The Cost of Unpunctuality


Do you know someone who always writes “on my way” and is already ten minutes late? Or that always forgets to meet deadlines? I often wonder when did arriving late to meetings, start events past the appointed time, or simply being 'fashionably late' become OK?

More often than non -  in our over-scheduled, overcommitted, super saturated society -  we experience this behavior constantly. However, what people do not realize are the individual and collective negative consequences. When we are late, we show our worst professional skills, lack of emotional intelligence, we create bad impressions and terrible reputations. Being untimely projects that we are disorganized, and that we lack respect for our time and the time of others. 

A few days ago, I had a meeting with an entrepreneur I am advising. Although already late, she called me on two occasions to advise she would arrive late. I reminded her that we had scheduled forty minutes, as I had a later commitment. She tried humoring me, explaining me that the reason for her tardiness was because “she had too many goals, for her limited time”. She also advised me to go late to my next commitment with my best smile. It is pointless to say, I was completely offended and flagger blasted. Does she realize her wrong doing and the effect her behavior will have in the efficiency, effectiveness and consistency of her business?

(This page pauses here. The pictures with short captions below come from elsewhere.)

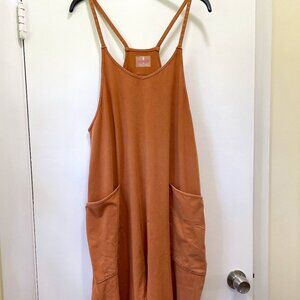Free People Movement Hot Shot Onsie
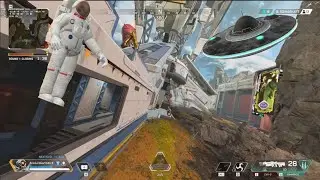 Pathfinder: @lifei444 's grapple trick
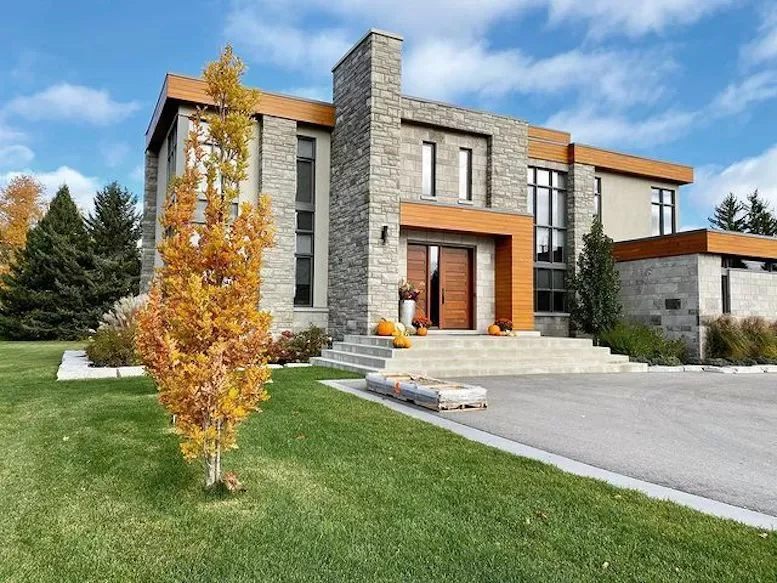 82 Stunning Front Yard Landscaping Ideas to Try This Spring 26 Colorful Autumn Hues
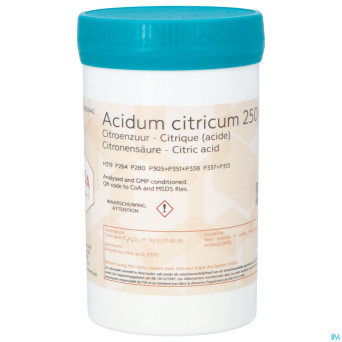 Citrique acide crist. 250g    magis
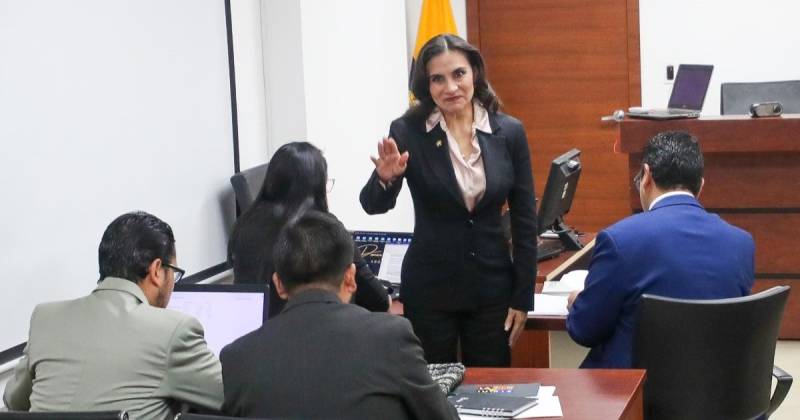 Abad ha denunciado esta situación como un "golpe de Estado" / Foto: EFE
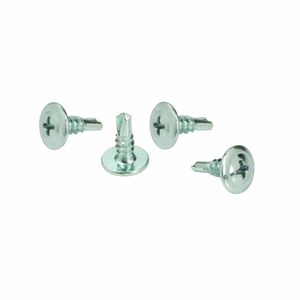 B-Line BWHS-9D Zinc Phosphate Self-Drilling Sheet Metal Screw #8 x 1/2-Inch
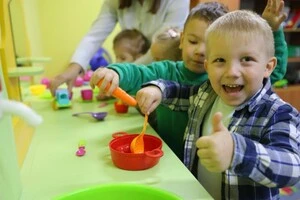 Вперше з початку повномасштабного вторгнення в Запоріжжі відновено роботу ясельних груп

As I had lost all my words and became mute, my only “come back” was to remind her that a major component of a business rapid growth can be attributed to carefully cultivated partnerships and collaborations. The best way to foster these is by prioritizing on eradicating all the noise that kept her off track to fuel growth, create dream results for her meetings -including a detailed framework of questions and a no-phones-allowed rule.

Tardiness is a terrible virtue. Always consider that being known as untimely and unreliable is negative - and can have severe personal and professional consequences.

My simple and practical techniques to promote punctuality:

1. Arrive 15 to 30 minutes before the engagement. Others will begin to catch and even copy our good behavior. You become the “Master of Punctuality” and believe me, that is a great thing to be. 

2. If you have a meeting, and the guest arrive is late - only provide the person the time remaining in the scheduled time. This will make others eradicate the habit of being late and is a form of self respect. 

3. Do not change your agenda for the “unpunctual”. If the first person you meet is running late, make sure to adjust and continue your day as planned. Do not look bad, because others make you look bad.

4. Organize days ahead. If you must submit a presentation in seven days, strategize and make an analysis of how many hours it will take you. Set a goal to have it ready for one day ahead of the deadline. Then, try scheduling the hours of work you need to complete the task in the days or weeks leading up to it, so you can easily finish it before the set date.

5. The night before – have at the door, on your bag or in the car, everything you need for the next day. Go through the following day in details and assemble all the things you will need. Don't just trust your mind. If you are super busy, you might forget something and be delayed the next morning right before getting out the door.

6. Separates time between commitments for calls, emergencies, traffic, lack of parking - the daily events or surprises which, on average, take 20% of our days.

Remember that time is the most important human capital we have - it is worth a lot and we need to capitalize on it. The key is to be organized and remember the impression we can make on others.